####O DOM

Ele não olhou para ninguém. Não precisava. O caminho estava aberto. O centro estava livre. O X aguardava. Ele parou diante da cruz como quem encontra um velho conhecido — não com ternura, mas com uma objetividade quase íntima. Bastou um aceno mínimo, e duas assistentes surgiram das sombras, posicionando-se a dois passos de distância, mãos às costas, olhos baixos. O mestre de cerimônias, no canto, inclinou a cabeça em saudação. A noite tinha começado.

Chamar a mansão de “casa de prazeres” era empobrecer sua gramática. Havia prazer ali, sim, mas domesticado pela liturgia do controle. Havia dor, talvez; mas era uma dor que não se confundia com violência, do mesmo modo que um bisturi não se confunde com uma faca de cozinha. Havia beleza, uma beleza estranha — dessas que alguns rejeitam por não saber onde colocá-la na estante da alma.

No alto, quase invisível, uma ventoinha movia o ar com gentileza. A seda de um vestido sussurrou, um colar tilintou, a ponta de um sapato bateu uma vez, leve, no piso. Alguém molhou os lábios. Alguém apertou mais forte a própria gargantilha — gesto automático de quem, diante do altar, se lembra do credo.

A Sala de Sodoma e Gomorra, ironicamente, era um lugar onde quase nada se perdia. Ao contrário do mito, ali o fogo não destruía — iluminava. Era um fogo controlado, posto em lampadários de bronze. Era um fogo que não queimava casas nem cidades, mas acendia olhos, dedos, vontades que, do lado de fora, tinham aprendido a viver de joelhos diante de outras liturgias: e-mails, metas, acionistas. Talvez por isso a mansão fosse tão procurada: porque, entre máscaras, alguns se sentiam, enfim, vistos.

Quando o Dom tirou, com um gesto minúsculo, o relógio do pulso e o entregou à assistente, o público recuou a respiração por um instante. Era o primeiro rito de desapego da noite: largar o tempo. Em seguida, retirou as luvas com a mesma paciência com que um restaurador toca uma pintura de trezentos anos: dedo por dedo, costura por costura, sem pressa, deixando o couro ceder em silêncio. Não havia pressa naquela casa.

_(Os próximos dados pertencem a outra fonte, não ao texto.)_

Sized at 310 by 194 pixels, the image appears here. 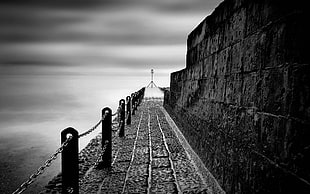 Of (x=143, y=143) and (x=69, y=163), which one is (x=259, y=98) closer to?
(x=69, y=163)

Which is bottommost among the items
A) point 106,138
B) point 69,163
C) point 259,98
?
point 106,138

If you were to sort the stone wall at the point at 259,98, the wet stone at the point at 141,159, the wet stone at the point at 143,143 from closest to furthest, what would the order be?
the stone wall at the point at 259,98 → the wet stone at the point at 141,159 → the wet stone at the point at 143,143

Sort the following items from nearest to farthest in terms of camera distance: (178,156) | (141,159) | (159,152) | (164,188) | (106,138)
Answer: (164,188) → (106,138) → (141,159) → (178,156) → (159,152)

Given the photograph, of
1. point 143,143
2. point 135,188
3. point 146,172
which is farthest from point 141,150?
point 135,188

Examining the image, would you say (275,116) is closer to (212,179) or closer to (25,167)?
(212,179)

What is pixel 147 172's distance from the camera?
480cm

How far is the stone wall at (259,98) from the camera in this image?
1.89 meters

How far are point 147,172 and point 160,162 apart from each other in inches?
26.1

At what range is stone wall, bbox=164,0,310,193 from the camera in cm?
189

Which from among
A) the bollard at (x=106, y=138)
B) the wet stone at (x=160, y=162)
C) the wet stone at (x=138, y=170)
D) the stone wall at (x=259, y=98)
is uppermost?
the stone wall at (x=259, y=98)

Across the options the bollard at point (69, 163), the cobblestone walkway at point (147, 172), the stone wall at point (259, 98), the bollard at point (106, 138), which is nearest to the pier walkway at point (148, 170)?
the cobblestone walkway at point (147, 172)

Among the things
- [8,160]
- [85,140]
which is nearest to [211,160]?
[8,160]

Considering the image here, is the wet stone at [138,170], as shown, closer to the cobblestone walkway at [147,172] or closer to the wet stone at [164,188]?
the cobblestone walkway at [147,172]

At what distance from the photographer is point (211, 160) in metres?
4.32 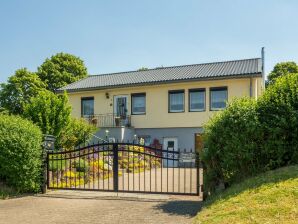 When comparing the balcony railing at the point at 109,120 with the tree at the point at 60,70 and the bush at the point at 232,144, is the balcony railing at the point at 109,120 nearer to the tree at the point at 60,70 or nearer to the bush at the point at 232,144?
the bush at the point at 232,144

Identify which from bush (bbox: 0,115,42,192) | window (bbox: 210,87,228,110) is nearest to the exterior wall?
window (bbox: 210,87,228,110)

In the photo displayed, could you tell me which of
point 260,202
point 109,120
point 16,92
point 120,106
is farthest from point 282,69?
point 260,202

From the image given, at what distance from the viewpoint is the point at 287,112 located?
840 cm

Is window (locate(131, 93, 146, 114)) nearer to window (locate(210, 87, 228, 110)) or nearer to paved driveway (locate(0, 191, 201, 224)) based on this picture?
window (locate(210, 87, 228, 110))

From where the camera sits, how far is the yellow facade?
21788mm

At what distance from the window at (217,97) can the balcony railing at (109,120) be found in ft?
19.8

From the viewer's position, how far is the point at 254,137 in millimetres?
8445

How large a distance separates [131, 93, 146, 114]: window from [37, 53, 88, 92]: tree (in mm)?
18708

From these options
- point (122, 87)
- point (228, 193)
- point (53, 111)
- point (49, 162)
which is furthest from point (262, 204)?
point (122, 87)

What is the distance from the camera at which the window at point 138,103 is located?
80.7 feet

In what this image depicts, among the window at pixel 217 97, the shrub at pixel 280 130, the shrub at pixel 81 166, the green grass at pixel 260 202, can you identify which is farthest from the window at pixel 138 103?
the green grass at pixel 260 202

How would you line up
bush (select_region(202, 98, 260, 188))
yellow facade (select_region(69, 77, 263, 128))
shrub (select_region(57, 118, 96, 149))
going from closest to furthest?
bush (select_region(202, 98, 260, 188))
shrub (select_region(57, 118, 96, 149))
yellow facade (select_region(69, 77, 263, 128))

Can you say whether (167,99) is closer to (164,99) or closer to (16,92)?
(164,99)

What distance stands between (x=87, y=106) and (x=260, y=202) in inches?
835
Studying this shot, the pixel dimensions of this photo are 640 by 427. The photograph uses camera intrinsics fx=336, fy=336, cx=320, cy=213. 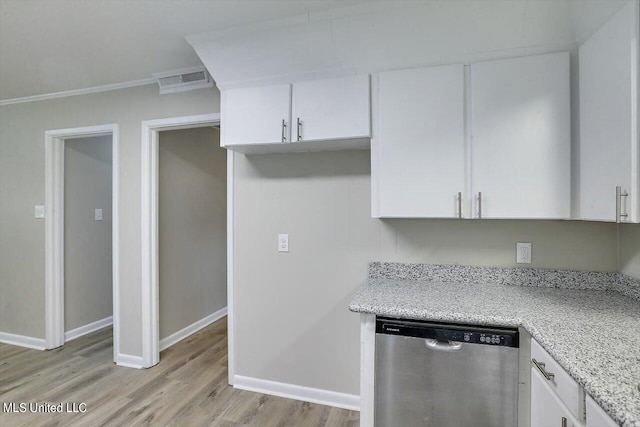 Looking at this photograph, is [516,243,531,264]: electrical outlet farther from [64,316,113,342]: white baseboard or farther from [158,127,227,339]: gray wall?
[64,316,113,342]: white baseboard

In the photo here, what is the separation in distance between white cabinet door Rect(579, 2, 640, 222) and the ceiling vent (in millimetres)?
2265

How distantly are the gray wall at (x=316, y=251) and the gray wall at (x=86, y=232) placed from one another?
6.60 feet

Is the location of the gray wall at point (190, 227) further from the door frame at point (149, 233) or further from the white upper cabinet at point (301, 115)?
the white upper cabinet at point (301, 115)

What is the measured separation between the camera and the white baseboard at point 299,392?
86.0 inches

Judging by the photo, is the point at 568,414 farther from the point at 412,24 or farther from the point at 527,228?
the point at 412,24

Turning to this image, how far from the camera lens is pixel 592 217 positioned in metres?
1.46

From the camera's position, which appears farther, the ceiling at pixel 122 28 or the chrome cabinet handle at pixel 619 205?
the ceiling at pixel 122 28

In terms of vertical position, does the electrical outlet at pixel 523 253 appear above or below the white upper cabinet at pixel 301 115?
below

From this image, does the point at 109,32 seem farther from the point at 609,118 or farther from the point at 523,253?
the point at 523,253

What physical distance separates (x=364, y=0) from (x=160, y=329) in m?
3.00

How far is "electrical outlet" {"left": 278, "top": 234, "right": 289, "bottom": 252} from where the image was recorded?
2.31 metres

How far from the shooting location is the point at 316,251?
Result: 225 cm

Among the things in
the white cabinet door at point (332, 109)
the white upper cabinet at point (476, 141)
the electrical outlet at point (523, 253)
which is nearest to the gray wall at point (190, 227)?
the white cabinet door at point (332, 109)

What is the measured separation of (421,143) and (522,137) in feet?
1.51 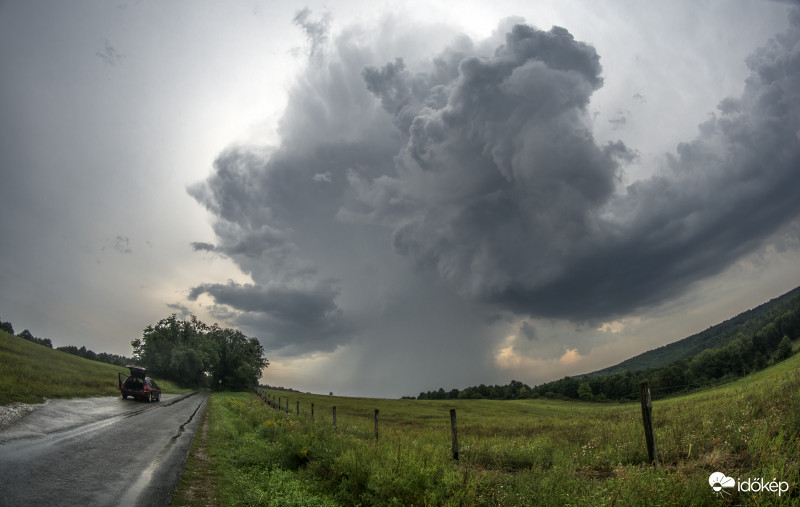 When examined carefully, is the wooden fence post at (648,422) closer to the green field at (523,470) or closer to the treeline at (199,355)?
the green field at (523,470)

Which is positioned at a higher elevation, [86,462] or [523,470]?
[86,462]

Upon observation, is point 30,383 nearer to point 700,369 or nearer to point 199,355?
point 199,355

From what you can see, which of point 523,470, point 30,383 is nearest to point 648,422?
point 523,470

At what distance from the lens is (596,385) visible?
12381 cm

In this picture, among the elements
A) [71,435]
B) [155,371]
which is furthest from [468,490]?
[155,371]

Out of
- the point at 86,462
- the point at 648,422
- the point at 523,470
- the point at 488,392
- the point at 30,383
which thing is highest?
the point at 30,383

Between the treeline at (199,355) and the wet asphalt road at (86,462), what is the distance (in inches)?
3274

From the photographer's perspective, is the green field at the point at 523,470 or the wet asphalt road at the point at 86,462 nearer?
the green field at the point at 523,470

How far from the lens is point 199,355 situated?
294 ft

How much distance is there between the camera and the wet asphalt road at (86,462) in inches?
261

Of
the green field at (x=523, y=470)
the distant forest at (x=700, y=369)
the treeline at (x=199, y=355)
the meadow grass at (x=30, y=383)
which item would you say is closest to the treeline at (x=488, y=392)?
the distant forest at (x=700, y=369)

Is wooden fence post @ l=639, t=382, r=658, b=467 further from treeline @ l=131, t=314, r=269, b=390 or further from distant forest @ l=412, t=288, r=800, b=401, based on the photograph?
treeline @ l=131, t=314, r=269, b=390

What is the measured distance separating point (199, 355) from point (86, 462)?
92.2 metres

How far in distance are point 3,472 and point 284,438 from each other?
6.84 meters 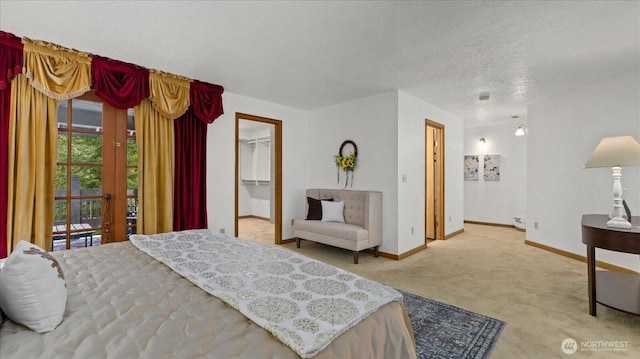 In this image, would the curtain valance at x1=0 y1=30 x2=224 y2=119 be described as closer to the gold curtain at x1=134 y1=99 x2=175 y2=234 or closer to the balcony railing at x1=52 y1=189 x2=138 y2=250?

Havia cadência.

A música ganhou um fio de gravidade, como se alguém passasse a mão por baixo das notas e as sustentasse por um segundo a mais. O espelho, do outro lado, devolveu o perfil do homem com máscara com uma leve distorção — a mesma com que a água amplia uma figura dentro de um lago. Alguém sorriu. Alguém fechou os olhos. Alguém, sem perceber, pousou a mão sobre o próprio peito, onde, do lado de fora, usava um crachá com nome e cargo; ali dentro, nenhum crachá dizia nada — e, por isso mesmo, dizia tanto.

Quando a porta lateral se abriu, por fim, foi como se a sala soltasse um soluço contido. Ela entrou. A pulseira vermelha brilhou uma única vez, sob a luz de uma vela. Não era brilho de joalheria. Era sinal. O suficiente para que o semicírculo inteiro registrasse. A gargantilha, fina e firme, desenhava a curva do pescoço com uma precisão que beirava a caligrafia. A tatuagem, discreta, parecia uma assinatura escondida sob um traço de renda. Não havia vulgaridade. Havia um cuidado quase litúrgico no modo como duas mãos — as das assistentes — a conduziram até a cruz, como quem deposita um livro antigo sobre um suporte de leitura.

Nada foi apressado. Nada foi arrancado. Tudo foi concedido — e essa era a sacralidade da casa.

A primeira fivela fechou com um som pequeno, preciso, que quem ama relógios reconheceria. A segunda, no outro pulso, respondeu como um eco. O público não respirou mais alto nem mais baixo; apenas mudou a qualidade do ar dentro do peito. A sala, de repente, pareceu menor. O Dom, a dois passos de distância, inclinou a cabeça com um respeito que não era elogio — era pacto. E, por um segundo que não se pode medir em relógios, a mansão inteira ficou suspensa sobre o fio invisível que segura uma queda.

A queda, ali, tinha outro nome: começo.